Hi! I’m running into a very strange problem: My model trains fine without mixed precision mode, however, as soon as I turn on the fp16 mixed precision mode the DDP training will break due to all of the model’s weights not receiving gradients, except for norm layers and manually registered nn.Parameters
.
The errors I got:
RuntimeError: Expected to have finished reduction in the prior iteration before starting a new o
ne. This error indicates that your module has parameters that were not used in producing loss. Y
ou can enable unused parameter detection by passing the keyword argument `find_unused_parameters
=True` to `torch.nn.parallel.DistributedDataParallel`, and by
making sure all `forward` function outputs participate in calculating loss.
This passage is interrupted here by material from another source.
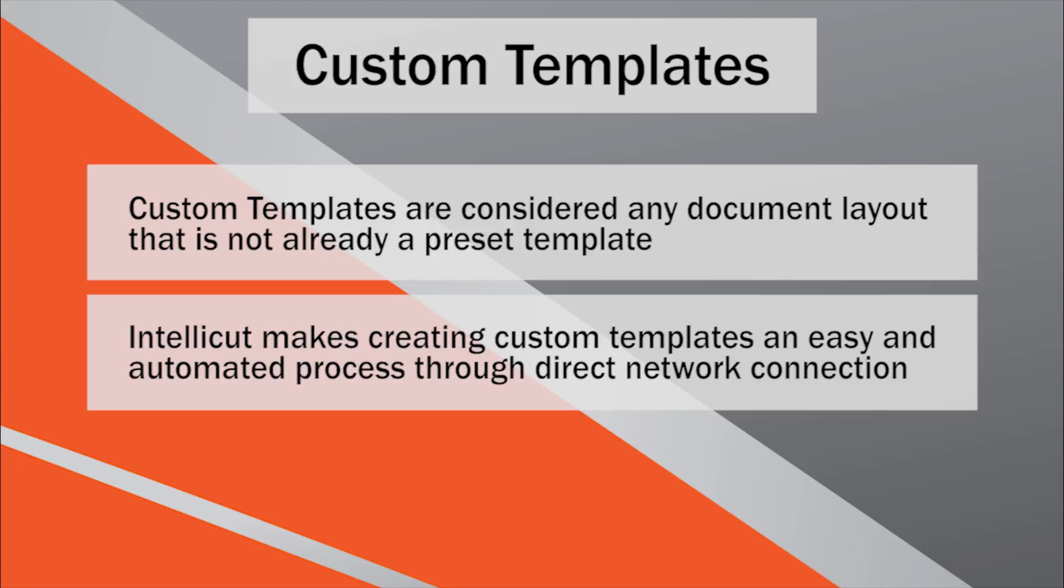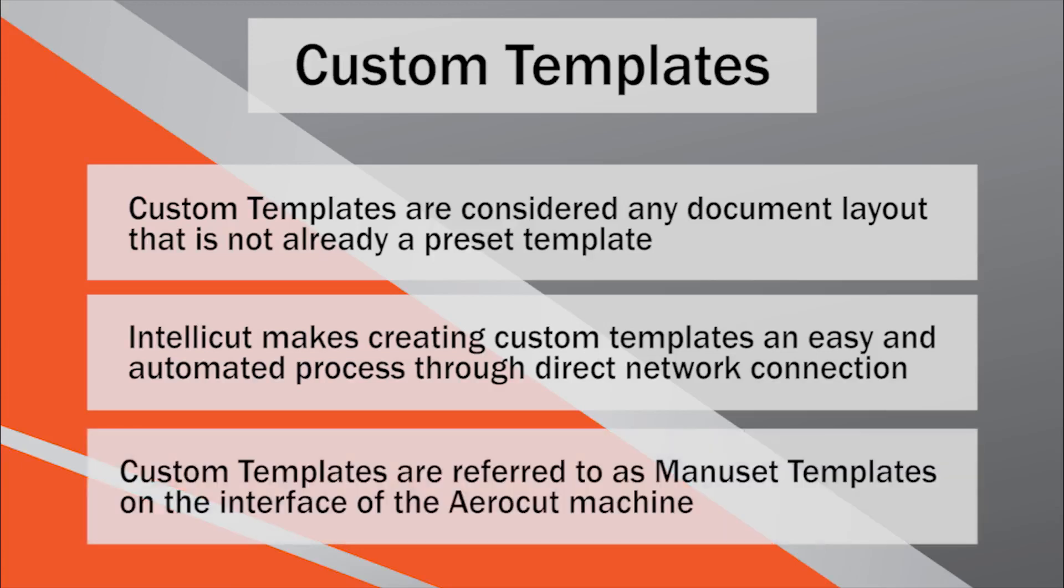With IntelliCut, you can either download these compatible layouts directly into the AeroCut through an Ethernet cord, or manually transfer the specific cut setting numbers IntelliCut provides you for easy programming on the AeroCut interface. The AeroCut also refers to custom templates as Manuset templates, but the two terms are interchangeable.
If you already have done the above, then the distributed data parallel module wasn't able to loc
ate the output tensors in the return value of your module's `forward` function. Please include t
he loss function and the structure of the return value of `forward` of your module when reportin
g this issue (e.g. list, dict, iterable).
Parameters which did not receive grad for rank 1: model.blocks.5.patches_cross_attn_ff.net.3.bia
s, model.blocks.5.patches_cross_attn_ff.net.3.weight,
... omit for space
I also tried the same training script with single-GPU, i.e. no DDP, and have the same no gradient problem (the training doesn’t crash as there’s no DDP, but the loss certainly reflects that only partial model is updated).
Why would mixed precision training cause this? Any suggestions?
Thanks!
UPDATE: it seems there’s something with torch.no_grad()
- I have a torch.no_grad()
context in each iteration where the model calculates some target which will be fed into the model outside the context, if I remove this block of code and feed some dummy values as the target instead, the model can receive gradients properly under mixed precision training. But I don’t know how to make of this, any suggestions?